Menurut Kepala Biro Humas Kemkominfo Noor Iza, penertiban tersebut secara khusus berkaitan dengan pemantauan dan pengecekan terhadap penyalahgunaan dan dugaan tindak pidana Refiling Trafik Terminasi Internasional (RTTI) dengan menggunakan jaringan Public Switch Telephone Network (PSTN) dan Global System for Mobile (GSM) yang berlokasi di Surabaya.

“Dugaan tindak pidana RTTI tersebut bermula dari laporan yang disampaikan oleh penyelenggara telekomunikasi nasional,” katanya melalui keterangan tertulis, Senin (4/9).

Dijelaskan, dalam pelaksanaan penertiban tersebut Tim Penertiban yang terdiri dari PPNS Ditjen PPI, tim Korwas PPNS Bareskrim Mabes Polri, Polda Jawa Timur, Polresta Surabaya dan pihak operator telekomunikasi.

Kegiatan penertiban terhadap pelaku RTTI dimaksud bertujuan untuk meciptakan ketertiban dalam penyelenggaraan telekomunikasi, menjamin kepastian hukum dan kepastian usaha di bidang telekomunikasi, serta menjamin kualitas layanan telekomunikasi kepada masyarakat pengguna telekomunikasi.

Dari hasil penertiban ditemukan penyalahgunaan trafik dengan rincian 460 nomor PSTN dan 1.910 nomor GSM yang dioperasikan dari empat lokasi, sebagai berikut Lokasi Jalan Embong Gayam no 27-29, Surabaya, Lokasi Jalan Pemuda No. 44, Surabaya, Lokasi Jalan Taman Ade Irma Suryani No 35 B, Surabaya, Lokasi Jalan Jagalan No. 79 L, Surabaya.

Keempat lokasi tersebut diperkirakan menghasilkan 30 juta menit trafik setiap bulan yang dioperasikan bekerjasama dengan mitra globalnya yang berada di Malaysia, Hongkong, Singapura, dan China.

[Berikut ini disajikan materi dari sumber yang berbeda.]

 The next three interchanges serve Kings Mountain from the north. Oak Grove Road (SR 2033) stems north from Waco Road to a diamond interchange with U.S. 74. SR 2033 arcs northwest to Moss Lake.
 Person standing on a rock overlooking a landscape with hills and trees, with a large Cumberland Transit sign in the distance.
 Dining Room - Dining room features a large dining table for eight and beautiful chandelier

Penyalahgunaan trafik terminasi internasional tersebut merupakan kegiatan pengalihan terminasi dan penyaluran trafik dari luar negeri secara tidak sah dengan menggunakan perangkat tertentu (SIMbox).

Pengalihan trafik secara tidak bertanggung jawab tersebut tidak hanya berpotensi mengurangi kualitas layanan terhadap konsumen, tapi juga berdampak merugikan operator telekomunikasi.

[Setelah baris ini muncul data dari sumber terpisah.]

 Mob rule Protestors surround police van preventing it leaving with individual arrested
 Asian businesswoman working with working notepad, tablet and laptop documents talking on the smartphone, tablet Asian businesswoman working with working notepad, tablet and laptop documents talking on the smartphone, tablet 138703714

Potensi kerugian yang bisa dialami konsumen antara lain adalah menurunnya kualitas layanan yang bisa dinikmati konsumen akibat terjadinya network congestion, dan konsumen tidak dapat melakukan panggilan ulang karena calling line identification (CLI) tidak sesuai dengan panggilan yang masuk.

Sementara potensi kerugian bagi operator adalah berkurangnya pendapatan, CAPEX tidak sesuai dengan perencanaan operator, serta penurunan kinerja jaringan dan peningkatan keluhan pengguna kepada operator telekomunikasi akibat menurunnya kualitas layanan.

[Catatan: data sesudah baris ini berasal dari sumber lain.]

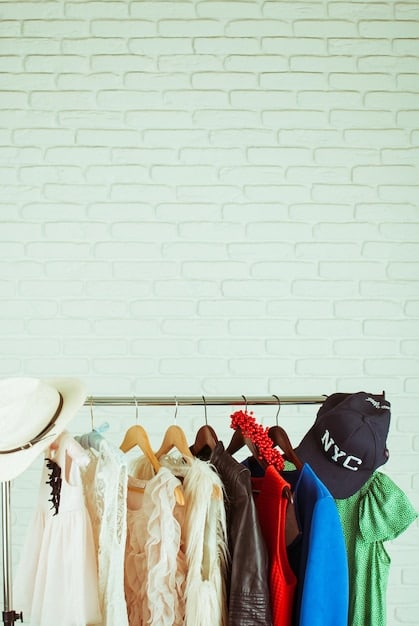 A medium shot of a rack of clothing in a bright, airy boutique with a focus on sustainable materials, such as organic cotton and recycled fabrics. Tags indicating the eco-friendly nature of the garments are visible. The overall impression is one of conscious consumerism and ethical fashion choices.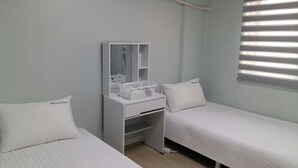 A small, clean room with two single beds, a white dresser with a mirror and a basket, and a window with blinds. - MK Guest House (Busan)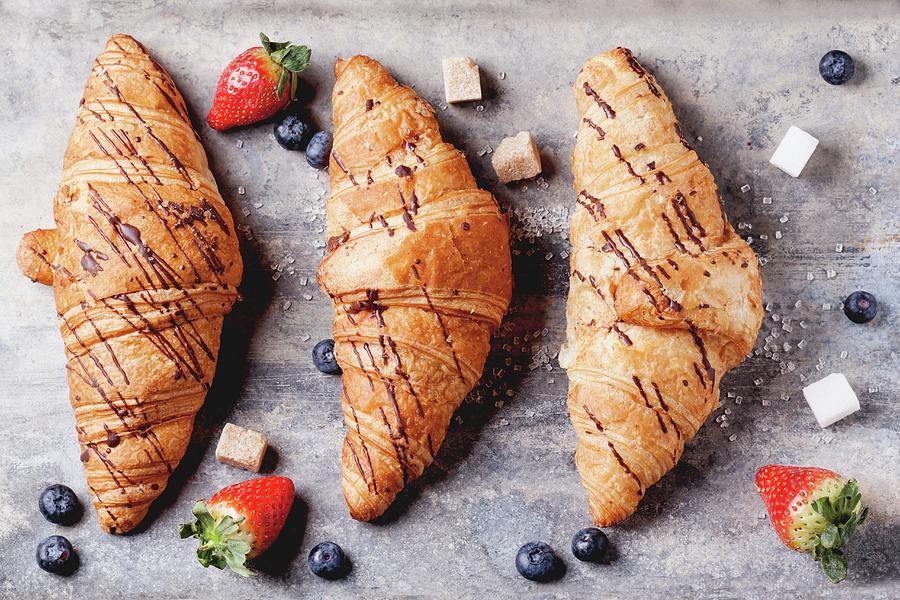 Three Croissants With Blueberries, Strawberries And Sugar Cubes Photograph by Natasha Breen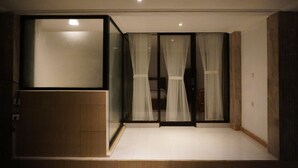 Ein Zimmer mit einer Schiebeglastür, einem Bett und einer kleinen Sitzecke.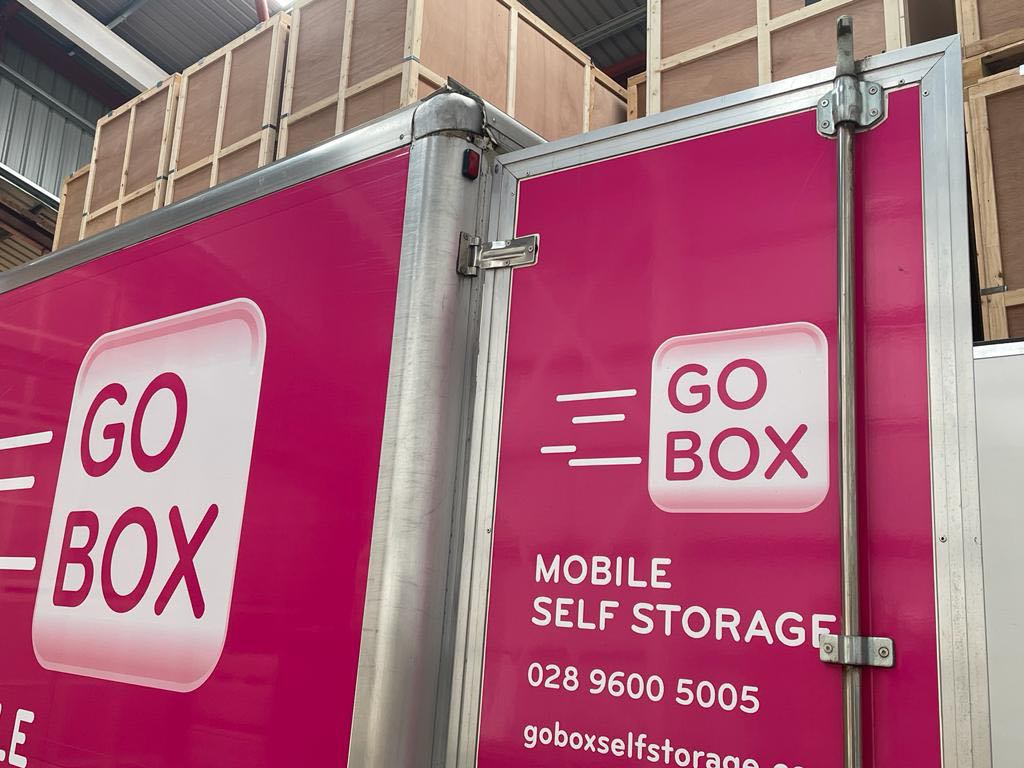 A pink mobile storage unit branded with the 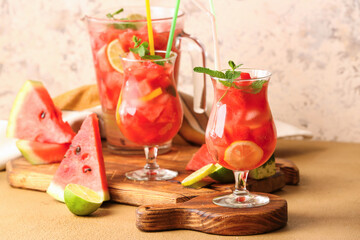 Glasses and jug of tasty cold watermelon lemonade on table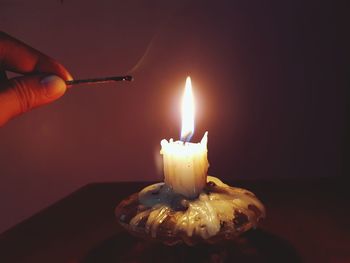 Cropped hand holding burnt matchstick by lit candle on table in darkroom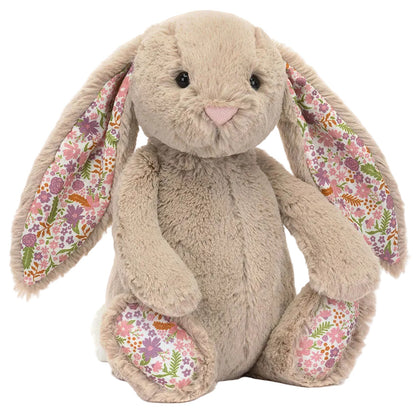 Blossom Beige Bunny 'Petal' by Jellycat is a plush bunny with long floppy ears and wildflower-patterned inner ears and feet—an adorable addition to any Garden Club collection.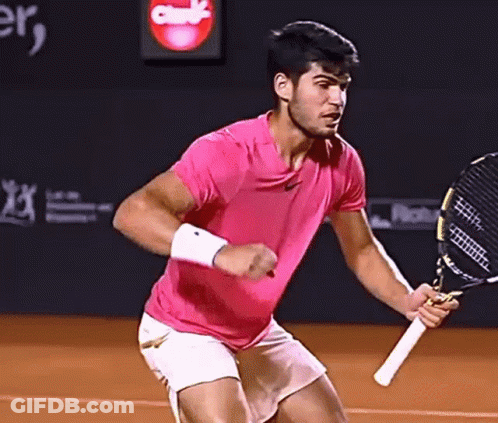 Man In Pink Shirt Holding Tennis Racket GIF
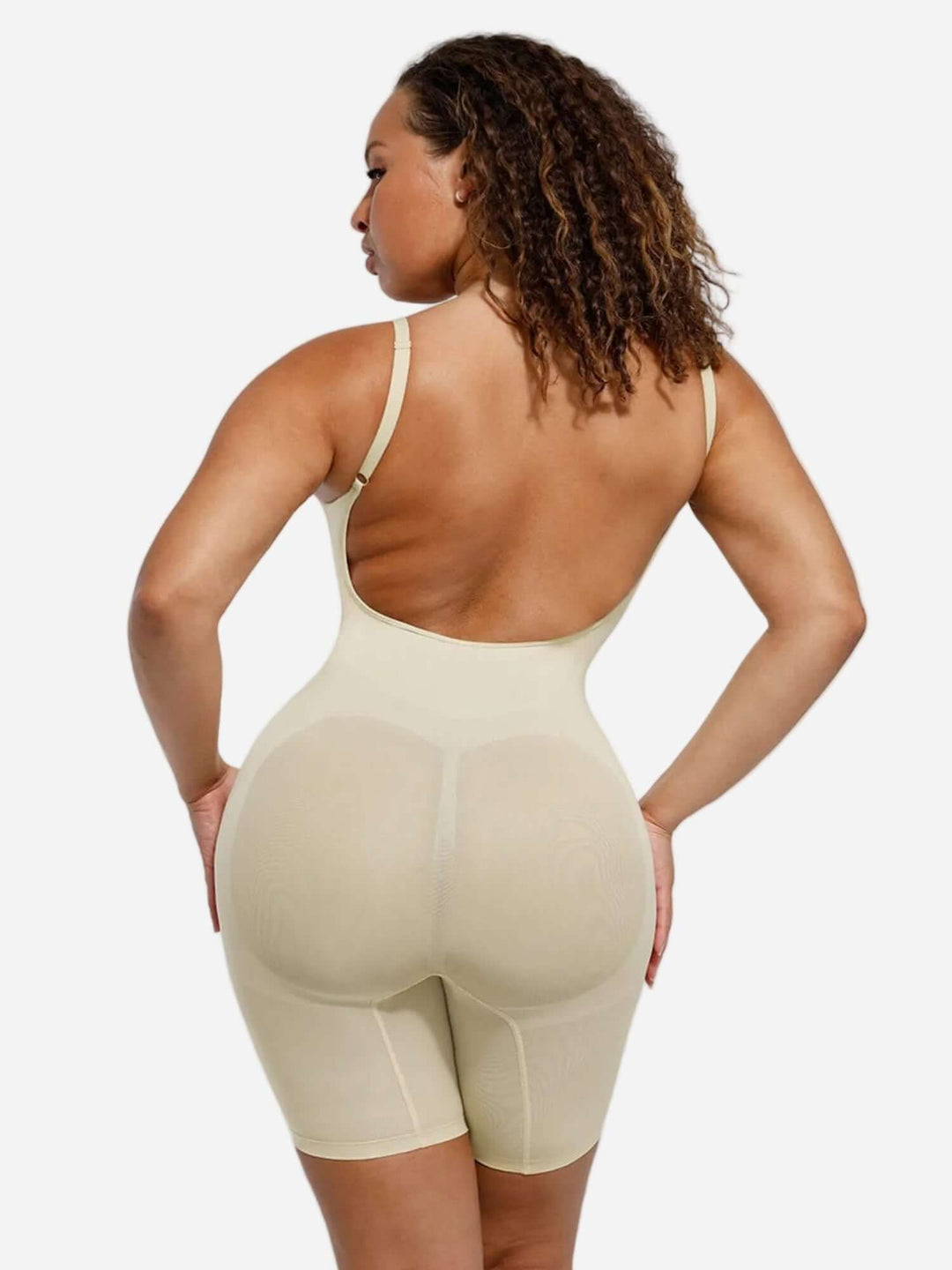 open-back sculptwear bodysuit with front-scoop neckline, medium compression, and mid-thigh length for a smooth, contoured look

Dugaan pelanggaran yang disangkakan terhadap pihak yang mengoperasikan layanan telekomunikasi secara tidak sah tersebut dikaitkan dengan UU No. 36 Tahun 1999 tentang telekomunikasi adalah Pasal 11 ayat (1) dan Pasal 22 huruf a dengan ancaman hukuman berdasarkan pasal 47 dan pasal 50 berupa penjara maksimal selama 6 tahun dan atau denda paling banyak Rp 600 juta. (nad)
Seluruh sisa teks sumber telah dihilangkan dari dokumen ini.